When you’re older and get to travel you start seeing that there are many women like you, worse off, or much more privileged. I try to learn from all of them.
With LGC, it’s been a very personal journey. The experiences I’ve had have changed and shaped my life and changed my perceptions on gender norms and what I can do to make a change. Not even just myself, but the change that everyone can make in the world. I don’t believe that greatness is reserved for a few. At some point I realized I have a voice, so let’s use it. I also surrounded myself with great humans that challenges me and teaches me constantly. Evolution happens every day.
You mentioned LGC has evolved over the years. How would you say it has changed or stayed the same?

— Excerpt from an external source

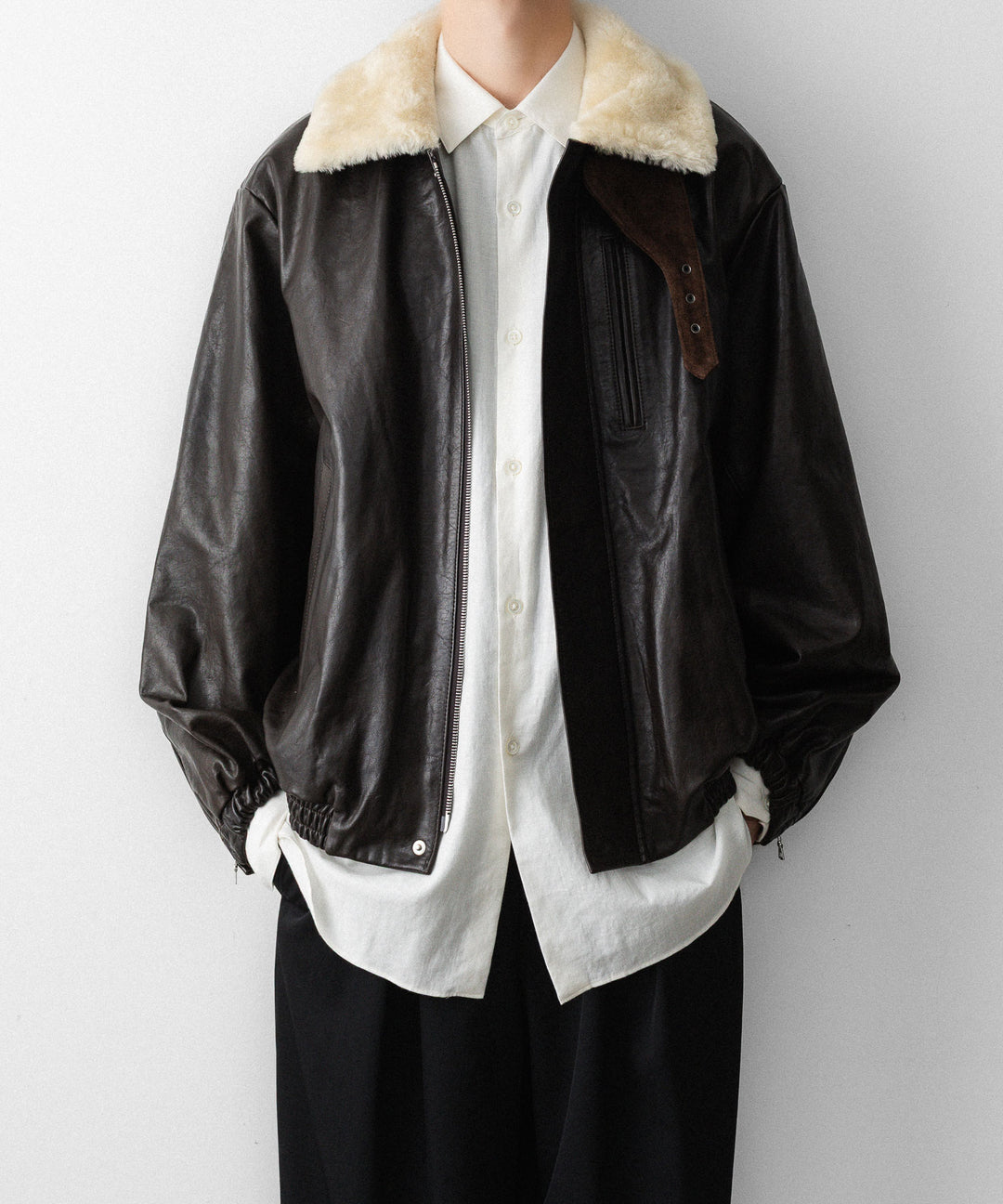 ssstein(シュタイン)のMOUTON COLLAR CALF ZIP JACKET - DARK BROWNの公式通販サイトsession福岡セレクトショップ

In the beginning, I guess we didn’t know much what we were doing. It was a group of girls who wanted to get more girls into the sport. Jacky [Madenfrost] was really great at it. We skated how we knew – which was cruise around and some slides – and we filmed it. Then it became a worldwide phenomenon and we were like ‘What is going on!?’. No one was ready for it.
Also, in the beginning, the level of skating portrayed was much lower than it is now. The main reason behind that is that there were simply not that many great female longboarders in the world, at all. Many things have changed in the past 5 years, right? Back then we were stoked on seeing more girls trying it out and I think that is one of our biggest accomplishments and at the same time the secret on how we became so big. We didn’t get so many women and men into the sport by portraying anything crazy, but by showing girls who were learning and having fun together. That’s what made so many women think ‘Hey, that looks fun. That doesn’t look too scary. I can do that!’

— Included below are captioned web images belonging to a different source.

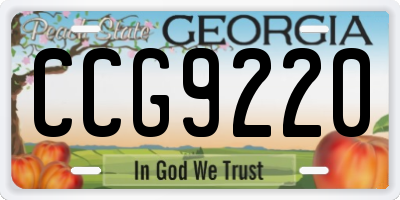 GA license plate CCG9220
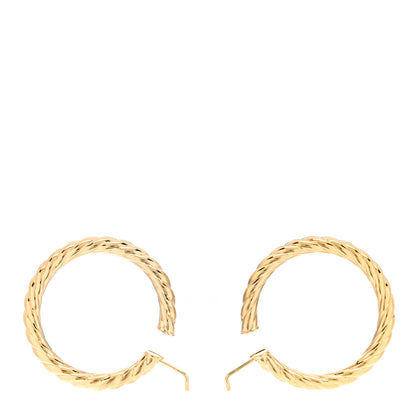 David Yurman 18K Yellow Gold 38mm Sculpted Cable Hoop Earrings 3 of 4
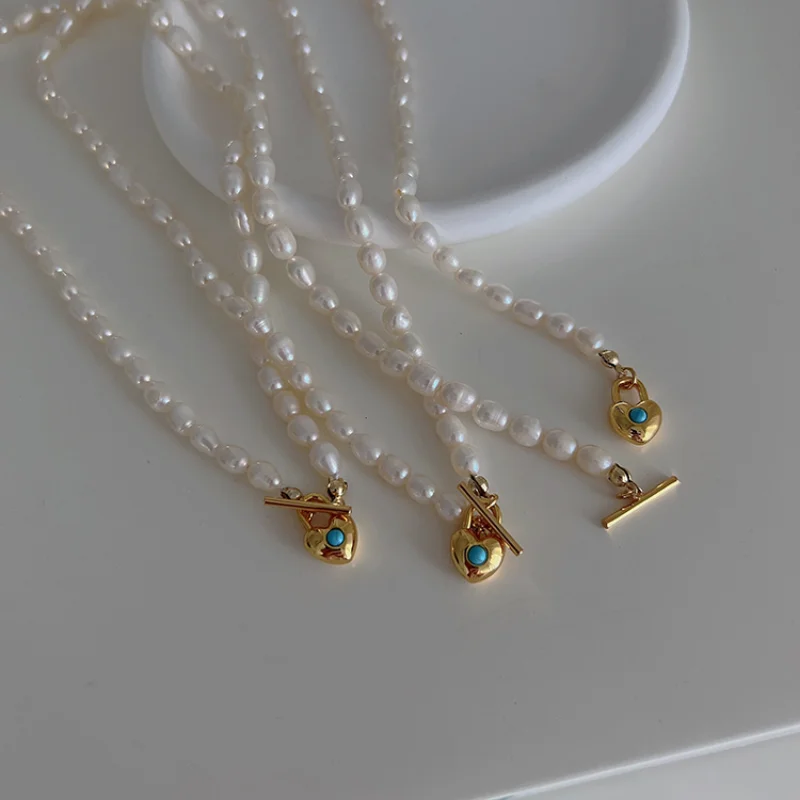 

Minar High Quality Genuine Freshwater Pearl Choker Necklace for Women Gold Love Heart Stone OT Toggle Clasp Pendant Necklaces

Today, it’s hard for me to find the balance. I want to showcase the highest performing female skaters on LGC but also want to keep longboarding accessible. Humans are not only inspired by amazing stunts, many times just by things that are within reach.

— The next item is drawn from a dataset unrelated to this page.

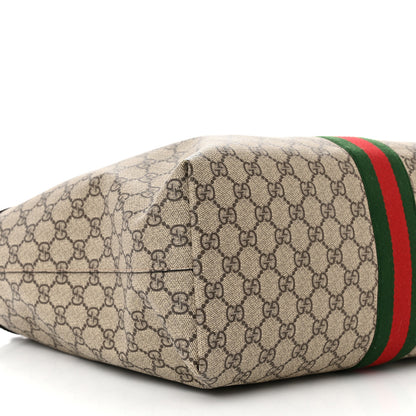 Gucci GG Supreme Monogram Textured Calfskin Web Medium Ophidia Shopping Tote Beige Ebony New Acero 9 of 10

In 2011, LGC was also being run by 4 people. Over the past two years, it’s just been me. When it was all of us, we wanted to promote and support women. Now it’s shifted a bit to a worldwide movement that seeks gender equality and provides real, healthy models to society. Supporting and promoting women, giving talks at conferences, educating and keep doing larger projects like OPEN.
I wouldn’t say the values have changed but I would say it has become a more active platform for gender equality.
Moving forward, what do you need from the industry to keep LGC going?
It’s been really hard because LGC doesn’t always get the financial support that it needs to be sustainable. We have gotten thousands of women and men into the sport which has been highly beneficial for the industry. I would love more support from them to keep doing what we do. If you don’t support the scene shakers and supporters, you’re lame.
Thanks Valeria! Any last words and key takeaways you’d like to leave the readers with?
Big shout-out to all the ladies out there who are doing their thing. Who are falling and getting up and doing it while everyone around them makes fun or think they are crazy. Worldwide movements are awesome cause they inspire individuals to act, but the real change always starts by one. That girl that despite her family or friends opinion is going for it, with a skateboard or with anything that keeps her fire alive, breaking one stereotype at a time. You are the one changing the world.
Also, big shout out to Concrete Wave Skateshop Cologne, Icone Longboards and Noelia Otegui for their faith and help towards Longboard Girls Crew. To all the LGC Ambassadors, thank you!
And thank you Cindy for everything you’re doing, love you buddy.